Duncan Wylie è nato a Harare, Zimbabwe, nel 1975. Naturalizzato francese nel 2005, oggi vive e lavora tra Londra e Parigi. Dopo gli studi presso l’ENSBA, la Scuola nazionale superiore di Belle arti di Parigi, Wylie ha scelto di dedicarsi alle arti visive. Le sue opere sono state esposte in numerose istituzioni pubbliche e private in Africa e all’estero, e appaiono nel catalogo delle collezioni permanenti del Louvre Abu Dhabi, del Musée de Grenoble, del MUDAM in Lussemburgo, e del CNAP e del FRAC in Francia. Wylie ha inoltre esposto nei seguenti musei: il Musée de Grenoble, il Museum of Modern Art di New York, il Palais de Tokyo di Parigi, la Galleria nazionale dello Zimbabwe, lo Zeitz MOCAA di Città del Capo e il Louvre Abu Dhabi.

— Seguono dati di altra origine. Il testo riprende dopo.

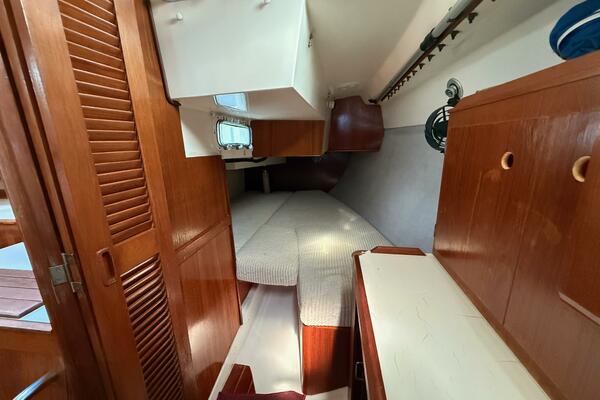 34ft Hunter Yacht For Sale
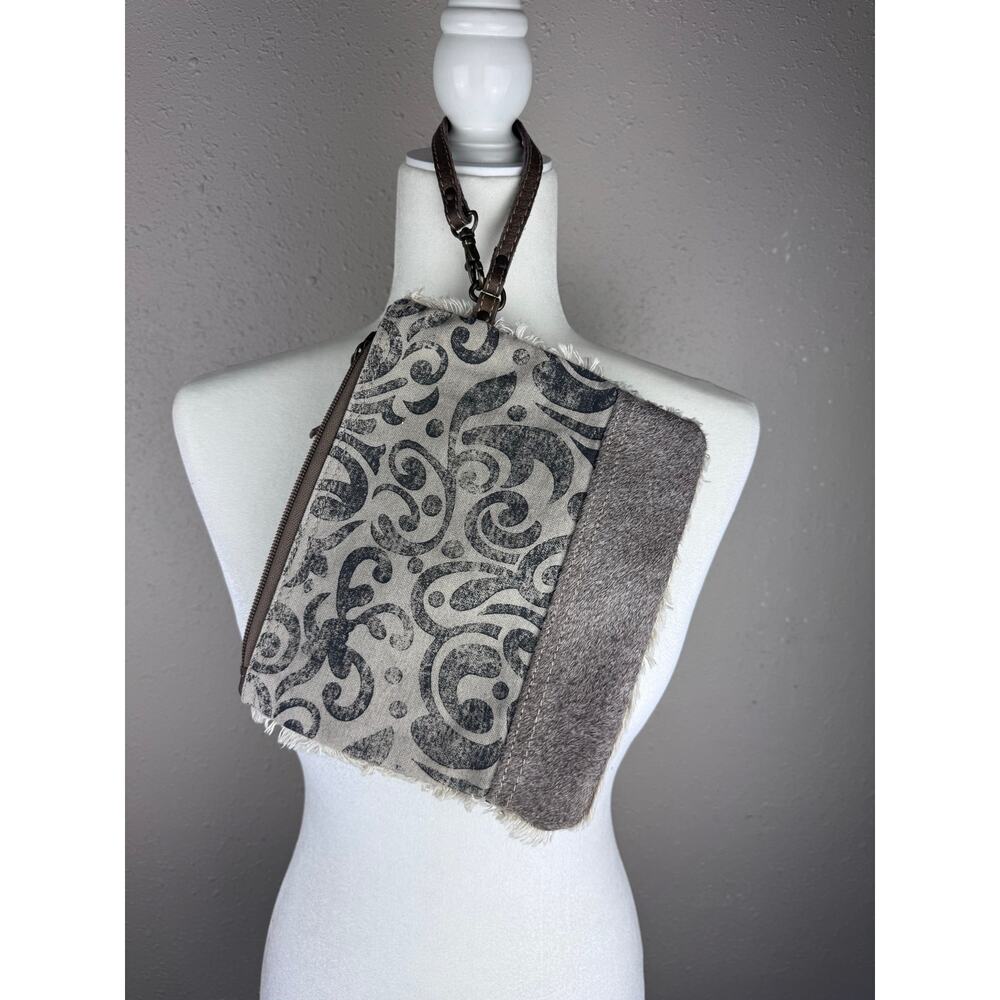 Myra Bag Clutch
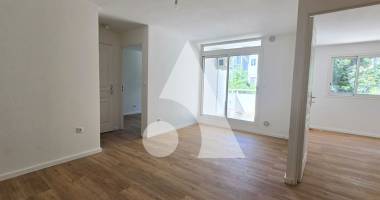 t3 entièrement rénové - le moufia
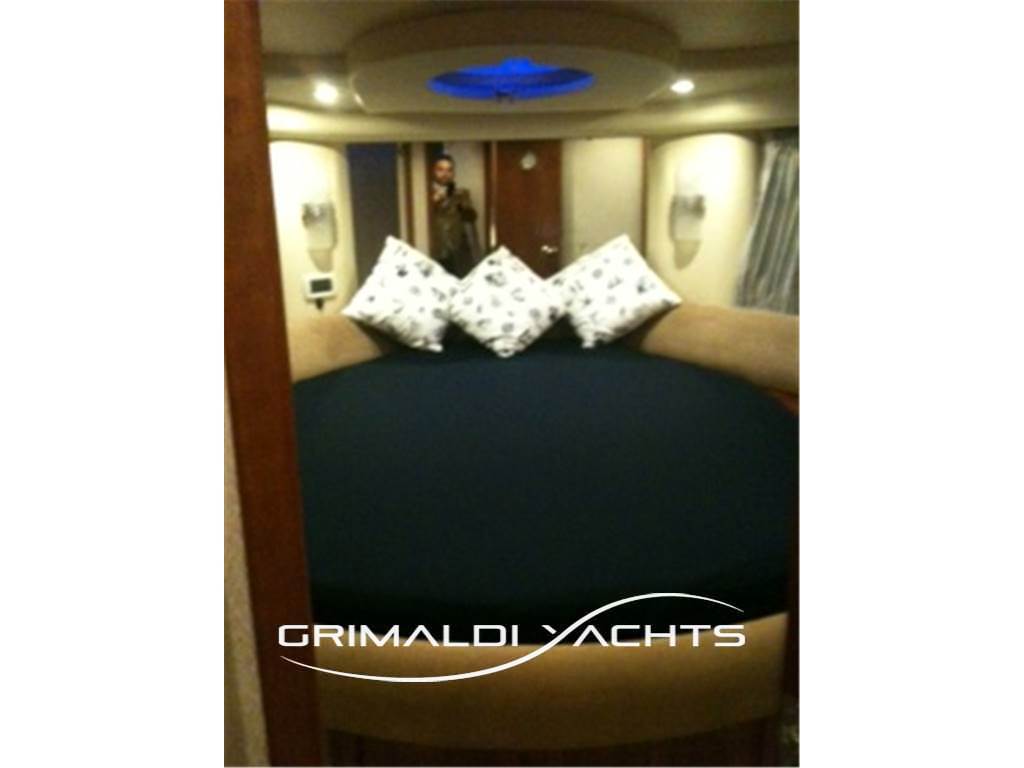 Azimut AZ 39
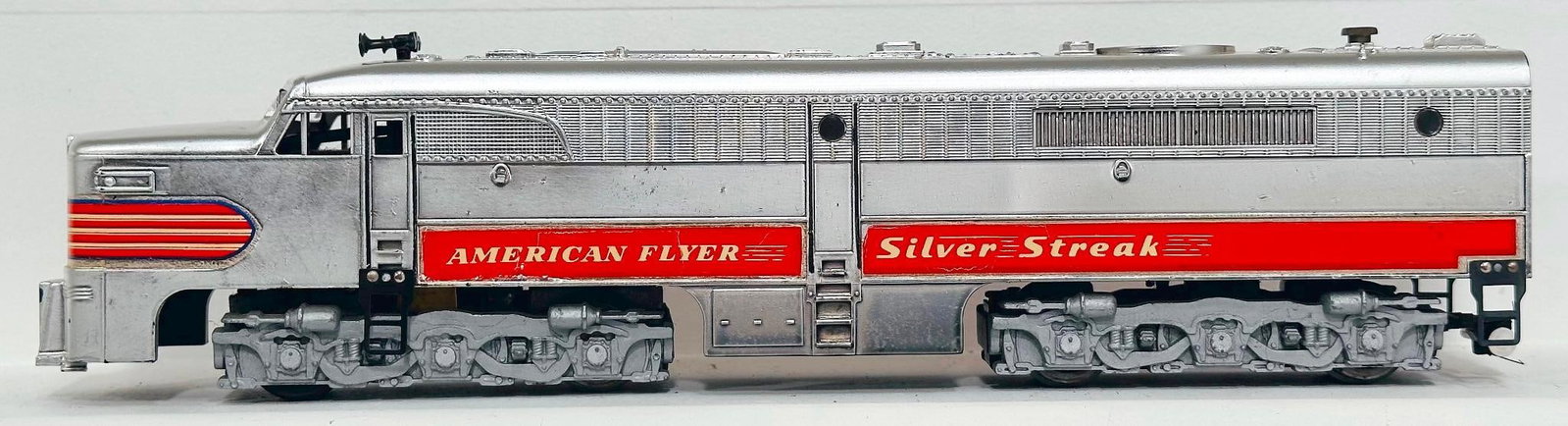 American Flyer Postwar S Gauge 405 Silver Streak A powered Unit (1 of 6)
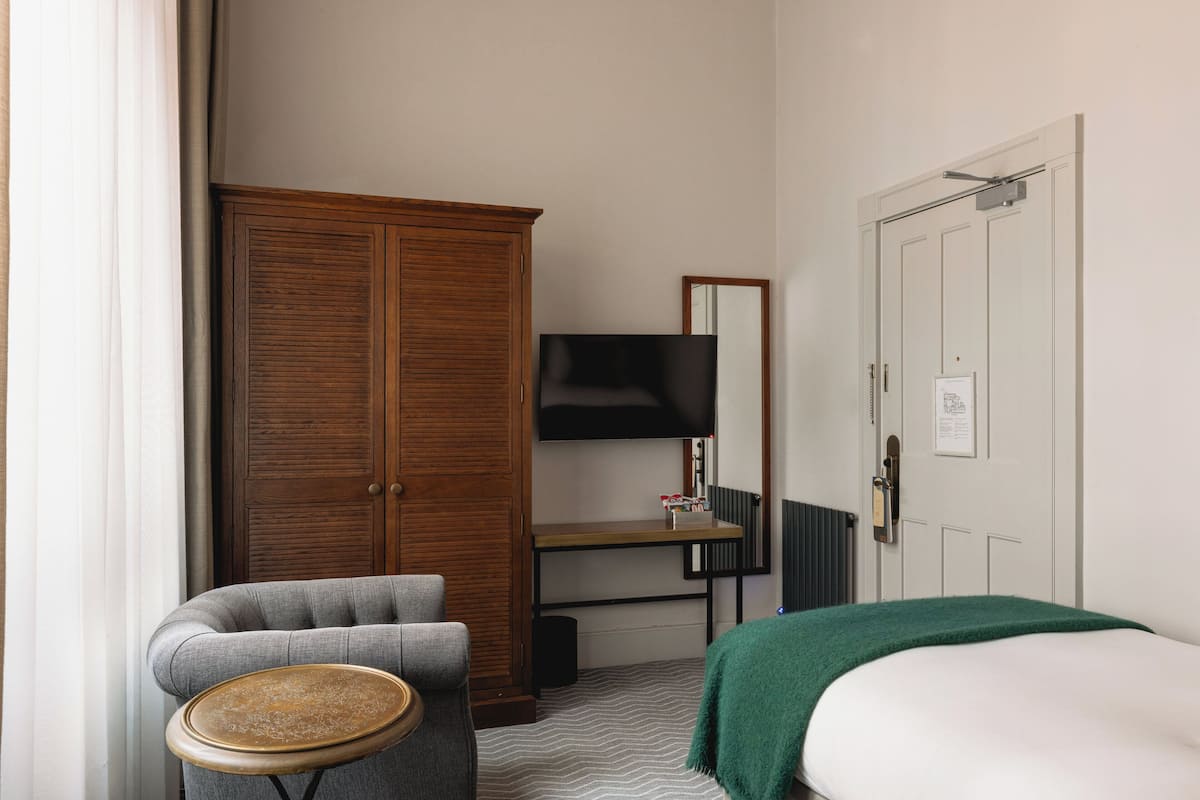 Camera, 1 letto singolo (City) | 1 camera, biancheria da letto ipoallergenica, una cassaforte in camera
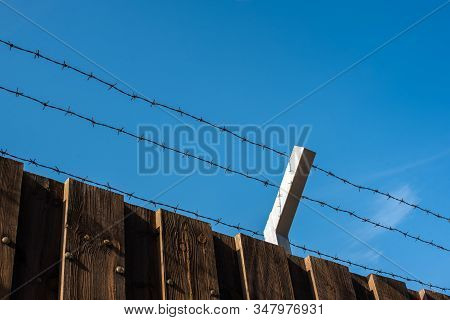 Barbed Wire Wooden Fence Border War Crysis News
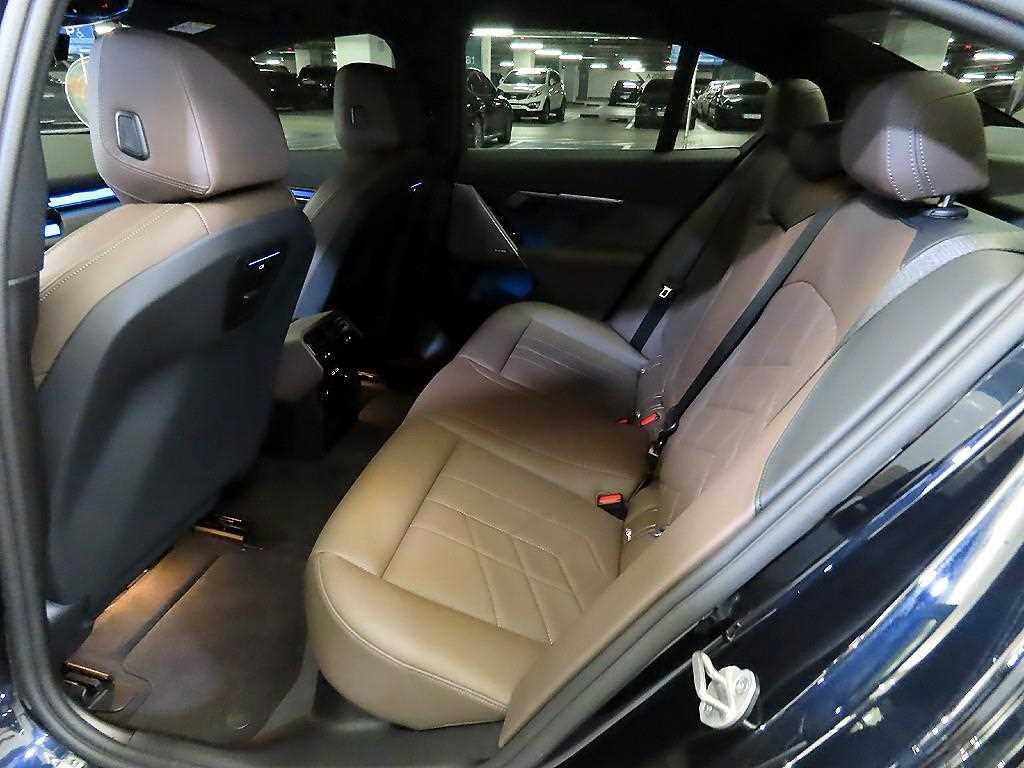 BMW 5 Series - Vista 7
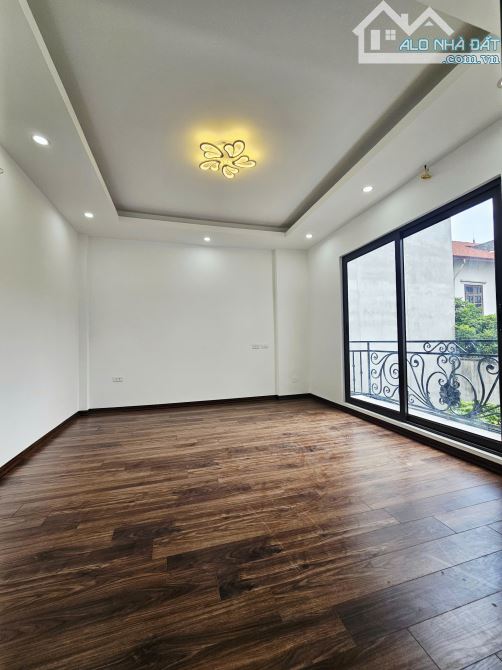 BÁN NHÀ MỚI BÁT KHỐI LONG BIÊN 5.2 TỶ 35m MT 5m Ô TÔ KINH DOANH GẦN CẦU VĨNH TUY - 1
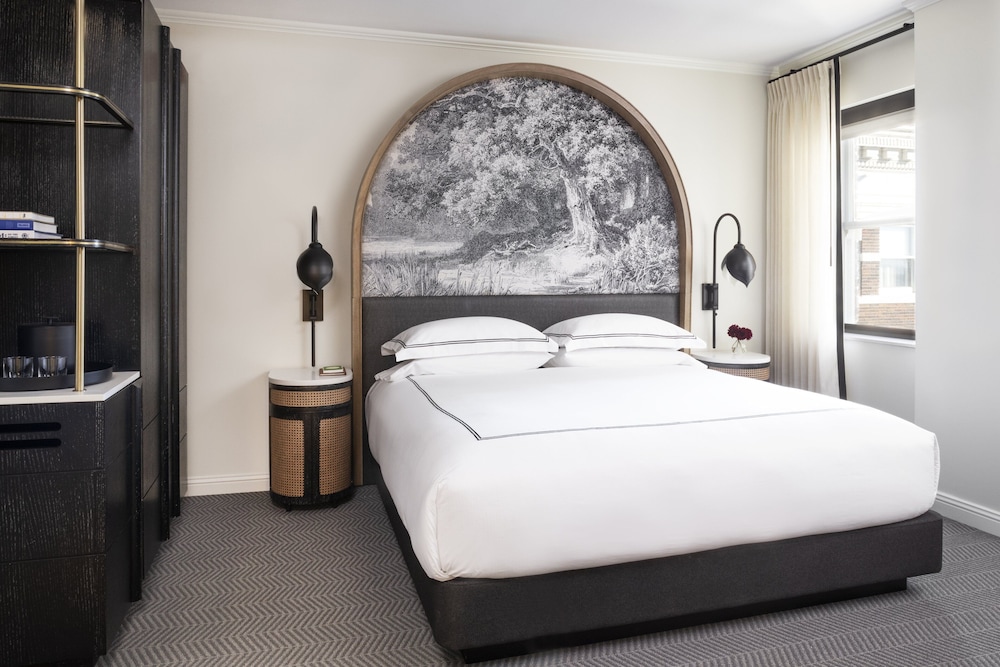 ROOM, KING BED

Gillian Atherstone, nata a Harare, Zimbabwe, nel 1948, ha conseguito una laurea in Belle arti e filosofia presso la University of Kwa Zulu-Natal, in Sudafrica. Ha iniziato la sua carriera come project manager e successivamente curatrice della Galleria nazionale dello Zimbabwe negli anni Ottanta, dove ha dato vita e sviluppato la collezione permanente di forme artistiche tradizionali dello Zimbabwe. Tra gli anni Novanta e l’inizio degli anni Duemila Atherstone è stata proprietaria e direttrice di gallerie private di arte africana a Harare, un incarico che l’ha portata a viaggiare in tutta l’Africa sub-sahariana per raccogliere opere d’arte. Nel 2007 ha fondato un’organizzazione non-profit, communities-can-do-it.com, che si occupa delle comunità emarginate dello Zimbabwe. Nel 2019 ha raggiunto i suoi due figli nel Regno Unito.